The original title is "The extension of political conflict is corroding liberal democracy," which better reflects the opinion in the article.

The editorialized title ("the politicization of society is damaging liberal democracy") frankly doesn't do the article any justice.

One could develop mechanisms, that make the ability to compromise and negotiate outcomes, a requisite to holding offices, even after elections. This could for example happen, by the small minority parties (who are usually filtered out in most democracies) negotiating the voices they represent to another party that will enter representation, in return for representing a certain view-point.

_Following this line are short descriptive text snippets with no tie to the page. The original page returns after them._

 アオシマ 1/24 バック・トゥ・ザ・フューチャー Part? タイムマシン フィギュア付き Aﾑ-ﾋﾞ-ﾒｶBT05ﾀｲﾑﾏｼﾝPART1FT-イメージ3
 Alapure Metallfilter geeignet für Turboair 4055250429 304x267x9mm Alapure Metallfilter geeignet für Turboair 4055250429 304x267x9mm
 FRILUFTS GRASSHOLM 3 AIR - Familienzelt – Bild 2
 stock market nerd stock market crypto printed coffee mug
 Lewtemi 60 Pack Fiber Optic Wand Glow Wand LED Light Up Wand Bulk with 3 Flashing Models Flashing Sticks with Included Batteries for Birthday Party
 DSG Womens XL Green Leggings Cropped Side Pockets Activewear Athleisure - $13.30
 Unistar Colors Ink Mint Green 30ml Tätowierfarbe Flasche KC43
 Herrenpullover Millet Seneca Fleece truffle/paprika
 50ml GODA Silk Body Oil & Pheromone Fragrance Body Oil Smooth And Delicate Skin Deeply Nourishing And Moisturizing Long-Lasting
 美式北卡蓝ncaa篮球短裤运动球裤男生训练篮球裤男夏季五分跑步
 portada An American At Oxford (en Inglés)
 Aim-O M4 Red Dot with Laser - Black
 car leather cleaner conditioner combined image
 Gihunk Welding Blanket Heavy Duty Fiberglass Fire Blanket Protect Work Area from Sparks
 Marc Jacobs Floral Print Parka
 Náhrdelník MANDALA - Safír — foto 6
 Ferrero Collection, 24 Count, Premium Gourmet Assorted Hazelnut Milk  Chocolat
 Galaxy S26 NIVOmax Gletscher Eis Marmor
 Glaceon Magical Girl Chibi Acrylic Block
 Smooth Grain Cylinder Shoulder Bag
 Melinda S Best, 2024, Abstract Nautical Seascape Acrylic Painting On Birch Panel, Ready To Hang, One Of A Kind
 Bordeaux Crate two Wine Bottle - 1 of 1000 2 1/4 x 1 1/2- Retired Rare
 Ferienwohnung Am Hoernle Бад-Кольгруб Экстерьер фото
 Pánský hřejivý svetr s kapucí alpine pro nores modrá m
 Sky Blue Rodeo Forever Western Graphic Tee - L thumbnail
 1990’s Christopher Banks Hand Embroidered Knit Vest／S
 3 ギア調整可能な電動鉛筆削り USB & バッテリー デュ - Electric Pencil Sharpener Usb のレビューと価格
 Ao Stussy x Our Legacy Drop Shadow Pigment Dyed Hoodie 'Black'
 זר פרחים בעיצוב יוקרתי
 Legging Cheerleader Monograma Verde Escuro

This would prevent votes from being lost and would make the ability to compromise and "secure" these votes more important then populist behavior.

Sorry, but this article is 90% word salad and the other 10% seems to be saying things that most people would disagree with but in the most indirect language possible.

I'm not against using precise words when they are helpful. But sometimes I see people using complex language to obfuscate the message instead of clarifying it, and as far as I can tell that's what is happening here.

When the meaning of an essay is confused and unclear, either a) I'm just not smart enough to understand it or b) the author is a poor communicator. B is much, much more common.

> Some retort that everything is political, but I do not see how activities such as birdwatching, sex and optometry are political in a meaningful sense. If one insists on the contrary, we return to similarities with totalitarianism.

But the author isn't talking about incidents in birdwatching or optometry—they're talking about large, expensive national celebrations. It may be hard to find the politics in birdwatching, but it's not hard to find the politics in holiday firework displays.

(And if the author can't see how sex can be political, I'm not sure they read their list of controversial incidents, or have paid attention to modern politics)

This first got really bad during the Trump presidency. One could be reading the least "political" article imaginable, and suddenly see something condemnatory about Trump that smugly assumes that everyone reading surely agrees. Nowhere was safe: Film reviews, book reviews, articles about cooking, travelogues, minor human-interest stories, you name it.

During the aforementioned Trump years I thought at times about creating /r/ihatetrumpbut, a subreddit for collecting articles/posts/comments in which the author felt the need to declaim "I hate Trump, but [something Trump/US government did may not necessarily be 100% fascist/evil/a bad idea]". Basically, a Lord's Prayer to preemptively avoid the devil's accusation of maybe possibly being a (shudder) Trump sympathizer in some small way. Hey, maybe I'll get more motivation to pull the trigger in November 2024!